Exercise prompt: Beneath this instruction is a block of data; output from it exactly the lines that run from the one containing "эйфоретик Бронницы" through the one containing "旦那の少年ジャンプを読む娘", inclusive.

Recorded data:

========================================================================

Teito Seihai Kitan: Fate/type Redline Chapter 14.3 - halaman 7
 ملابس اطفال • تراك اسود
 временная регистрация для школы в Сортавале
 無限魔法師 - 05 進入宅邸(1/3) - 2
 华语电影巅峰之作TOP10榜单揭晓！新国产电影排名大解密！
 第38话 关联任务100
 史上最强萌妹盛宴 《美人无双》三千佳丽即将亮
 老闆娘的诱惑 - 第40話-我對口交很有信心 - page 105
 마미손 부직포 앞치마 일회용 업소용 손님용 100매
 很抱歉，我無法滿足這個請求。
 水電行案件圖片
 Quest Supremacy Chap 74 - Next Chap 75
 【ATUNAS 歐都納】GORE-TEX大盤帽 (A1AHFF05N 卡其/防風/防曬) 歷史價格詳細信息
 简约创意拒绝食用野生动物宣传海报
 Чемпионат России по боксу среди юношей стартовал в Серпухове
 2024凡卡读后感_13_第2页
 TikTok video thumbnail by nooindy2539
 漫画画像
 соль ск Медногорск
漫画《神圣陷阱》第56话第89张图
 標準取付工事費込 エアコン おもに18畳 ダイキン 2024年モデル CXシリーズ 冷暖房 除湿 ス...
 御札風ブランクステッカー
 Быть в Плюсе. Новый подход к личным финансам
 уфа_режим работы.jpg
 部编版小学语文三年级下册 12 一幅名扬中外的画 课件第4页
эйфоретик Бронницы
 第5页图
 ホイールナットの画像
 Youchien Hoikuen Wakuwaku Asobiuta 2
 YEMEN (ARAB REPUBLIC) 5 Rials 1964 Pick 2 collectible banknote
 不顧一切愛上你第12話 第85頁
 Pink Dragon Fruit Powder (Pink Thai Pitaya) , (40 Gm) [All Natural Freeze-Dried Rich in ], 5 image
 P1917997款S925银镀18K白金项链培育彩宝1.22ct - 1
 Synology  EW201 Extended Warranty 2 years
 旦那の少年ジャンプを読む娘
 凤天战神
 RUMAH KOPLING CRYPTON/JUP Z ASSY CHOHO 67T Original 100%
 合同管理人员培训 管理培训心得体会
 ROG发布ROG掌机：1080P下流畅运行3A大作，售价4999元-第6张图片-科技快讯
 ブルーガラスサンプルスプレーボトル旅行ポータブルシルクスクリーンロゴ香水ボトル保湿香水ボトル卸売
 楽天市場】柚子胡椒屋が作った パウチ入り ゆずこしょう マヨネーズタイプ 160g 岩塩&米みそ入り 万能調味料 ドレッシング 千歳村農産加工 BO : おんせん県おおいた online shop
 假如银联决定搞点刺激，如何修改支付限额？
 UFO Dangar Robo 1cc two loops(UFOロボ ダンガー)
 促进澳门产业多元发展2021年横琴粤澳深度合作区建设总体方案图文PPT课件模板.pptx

========================================================================

Answer to the exercise:
эйфоретик Бронницы
 第5页图
 ホイールナットの画像
 Youchien Hoikuen Wakuwaku Asobiuta 2
 YEMEN (ARAB REPUBLIC) 5 Rials 1964 Pick 2 collectible banknote
 不顧一切愛上你第12話 第85頁
 Pink Dragon Fruit Powder (Pink Thai Pitaya) , (40 Gm) [All Natural Freeze-Dried Rich in ], 5 image
 P1917997款S925银镀18K白金项链培育彩宝1.22ct - 1
 Synology  EW201 Extended Warranty 2 years
 旦那の少年ジャンプを読む娘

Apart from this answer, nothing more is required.